Sound waves are analog, but computers store them as digital data:

  • Sampling: Taking regular measurements of the sound wave’s amplitude over time.
  • Sampling Rate: Number of samples per second (Hz). Higher rates capture more detail but use more storage.
  • Sampling Resolution (Bit Depth): Number of bits per sample. More bits = more precise volume levels, larger file size.

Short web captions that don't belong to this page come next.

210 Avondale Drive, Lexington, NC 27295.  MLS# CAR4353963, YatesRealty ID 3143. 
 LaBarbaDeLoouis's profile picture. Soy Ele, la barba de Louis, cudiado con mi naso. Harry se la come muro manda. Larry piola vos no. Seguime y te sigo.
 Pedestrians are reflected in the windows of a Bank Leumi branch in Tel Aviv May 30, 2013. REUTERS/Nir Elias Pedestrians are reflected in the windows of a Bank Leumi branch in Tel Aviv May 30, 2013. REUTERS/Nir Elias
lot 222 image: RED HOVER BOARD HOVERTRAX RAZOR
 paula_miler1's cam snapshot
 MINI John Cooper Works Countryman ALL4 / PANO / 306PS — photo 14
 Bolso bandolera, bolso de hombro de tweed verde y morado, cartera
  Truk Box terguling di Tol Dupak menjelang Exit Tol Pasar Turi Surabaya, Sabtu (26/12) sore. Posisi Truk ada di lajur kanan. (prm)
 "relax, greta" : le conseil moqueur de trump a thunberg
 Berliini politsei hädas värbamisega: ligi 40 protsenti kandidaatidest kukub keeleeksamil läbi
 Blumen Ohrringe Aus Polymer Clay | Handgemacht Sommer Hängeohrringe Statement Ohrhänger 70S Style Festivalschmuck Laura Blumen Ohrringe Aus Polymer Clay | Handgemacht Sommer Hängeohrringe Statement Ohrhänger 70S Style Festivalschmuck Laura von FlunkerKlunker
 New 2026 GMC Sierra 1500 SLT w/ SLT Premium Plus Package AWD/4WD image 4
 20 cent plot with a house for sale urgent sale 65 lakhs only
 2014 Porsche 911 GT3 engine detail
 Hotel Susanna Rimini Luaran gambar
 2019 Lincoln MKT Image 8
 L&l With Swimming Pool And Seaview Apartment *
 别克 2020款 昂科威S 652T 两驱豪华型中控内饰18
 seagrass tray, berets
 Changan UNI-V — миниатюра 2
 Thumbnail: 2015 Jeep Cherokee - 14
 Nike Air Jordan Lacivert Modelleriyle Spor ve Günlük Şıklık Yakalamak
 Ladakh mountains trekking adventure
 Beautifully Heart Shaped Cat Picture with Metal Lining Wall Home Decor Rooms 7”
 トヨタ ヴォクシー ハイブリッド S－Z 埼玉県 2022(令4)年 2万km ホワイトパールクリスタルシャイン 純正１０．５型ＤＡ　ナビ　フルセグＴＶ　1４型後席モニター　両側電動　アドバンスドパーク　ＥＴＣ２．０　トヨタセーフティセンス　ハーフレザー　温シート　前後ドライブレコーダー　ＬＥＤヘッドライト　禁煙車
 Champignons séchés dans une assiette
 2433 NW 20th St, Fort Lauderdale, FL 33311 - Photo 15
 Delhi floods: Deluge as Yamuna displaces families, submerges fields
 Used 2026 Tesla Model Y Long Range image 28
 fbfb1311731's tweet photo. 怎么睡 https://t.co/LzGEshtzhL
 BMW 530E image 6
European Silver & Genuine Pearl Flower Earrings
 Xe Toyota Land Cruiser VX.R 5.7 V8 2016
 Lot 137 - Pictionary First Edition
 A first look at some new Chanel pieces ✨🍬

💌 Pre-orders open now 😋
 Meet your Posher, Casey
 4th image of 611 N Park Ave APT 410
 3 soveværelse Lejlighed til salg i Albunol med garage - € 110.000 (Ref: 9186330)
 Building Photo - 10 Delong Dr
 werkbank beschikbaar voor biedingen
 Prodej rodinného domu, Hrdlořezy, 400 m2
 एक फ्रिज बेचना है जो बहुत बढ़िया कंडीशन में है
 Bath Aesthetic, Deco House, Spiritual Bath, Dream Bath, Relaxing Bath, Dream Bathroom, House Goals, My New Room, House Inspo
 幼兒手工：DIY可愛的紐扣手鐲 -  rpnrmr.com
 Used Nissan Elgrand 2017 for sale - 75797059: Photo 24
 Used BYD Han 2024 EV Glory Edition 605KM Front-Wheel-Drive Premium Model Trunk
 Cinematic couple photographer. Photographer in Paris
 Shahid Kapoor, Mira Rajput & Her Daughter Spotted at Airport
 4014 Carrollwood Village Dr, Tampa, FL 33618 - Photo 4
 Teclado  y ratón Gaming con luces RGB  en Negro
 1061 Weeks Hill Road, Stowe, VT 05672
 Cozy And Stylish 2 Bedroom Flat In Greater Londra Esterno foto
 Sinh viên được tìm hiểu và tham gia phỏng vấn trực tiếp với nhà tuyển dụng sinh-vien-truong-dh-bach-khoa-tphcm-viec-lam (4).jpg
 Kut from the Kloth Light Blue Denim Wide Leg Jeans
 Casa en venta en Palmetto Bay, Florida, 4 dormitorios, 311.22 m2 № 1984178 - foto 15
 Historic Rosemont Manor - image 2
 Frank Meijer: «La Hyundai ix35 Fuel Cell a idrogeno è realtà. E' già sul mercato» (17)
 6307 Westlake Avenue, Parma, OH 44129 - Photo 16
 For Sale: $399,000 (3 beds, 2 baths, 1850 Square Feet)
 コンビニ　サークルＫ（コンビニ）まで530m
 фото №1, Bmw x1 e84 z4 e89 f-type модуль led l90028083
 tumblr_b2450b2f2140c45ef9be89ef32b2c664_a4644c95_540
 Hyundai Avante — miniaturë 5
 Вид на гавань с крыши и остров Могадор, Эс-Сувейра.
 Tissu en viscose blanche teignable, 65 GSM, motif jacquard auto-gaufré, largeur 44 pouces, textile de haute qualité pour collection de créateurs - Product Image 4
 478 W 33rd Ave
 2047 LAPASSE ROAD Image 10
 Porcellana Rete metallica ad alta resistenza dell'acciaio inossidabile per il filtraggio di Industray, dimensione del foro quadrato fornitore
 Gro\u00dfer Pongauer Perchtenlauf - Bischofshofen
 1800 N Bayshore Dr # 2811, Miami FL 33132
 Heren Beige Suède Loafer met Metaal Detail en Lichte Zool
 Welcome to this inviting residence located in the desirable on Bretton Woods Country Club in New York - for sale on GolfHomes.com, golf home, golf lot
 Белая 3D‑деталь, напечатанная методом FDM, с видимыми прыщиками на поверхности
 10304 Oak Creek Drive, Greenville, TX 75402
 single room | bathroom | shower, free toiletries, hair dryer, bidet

Adjusting sampling rate or resolution balances audio quality with file size. For speech, lower settings might be acceptable; for music, higher quality is often preferred.

1.3 Compression

Compression makes files smaller, speeding up transfers and saving storage. It’s essential for web media, streaming services, and cloud storage.

Lossy Compression

Definition: Permanently removes some data to achieve smaller file sizes. Typically used for images, audio, and video where slight quality loss is acceptable.

Benefits:

  • Significantly smaller file sizes compared to original or lossless methods.
  • Faster upload/download times, crucial for web content delivery.
  • Reduced bandwidth usage, beneficial in limited data environments.
  • Ideal for streaming media platforms and online galleries.

Lossless Compression

Definition: Compresses data without any loss of the original information. Perfect for text, code, and any scenario where accuracy is paramount.

A common technique is Run-Length Encoding (RLE):

  • Identifies consecutive repeating elements (e.g., pixels of the same color or repeated characters).
  • Stores the value once and the count of how many times it repeats rather than storing each instance.

Advantages: The original data is perfectly restorable. Ideal for financial records, legal documents, or any data where accuracy matters.

In practice, formats like ZIP or PNG (for images) use lossless techniques. JPEG (for images) and MP3 (for audio) typically use lossy methods.

Practice Questions

Convert the binary number 1011₂ to decimal.

Which form of compression can be reversed perfectly to get back the original file?

What is the smallest element of a bitmap image?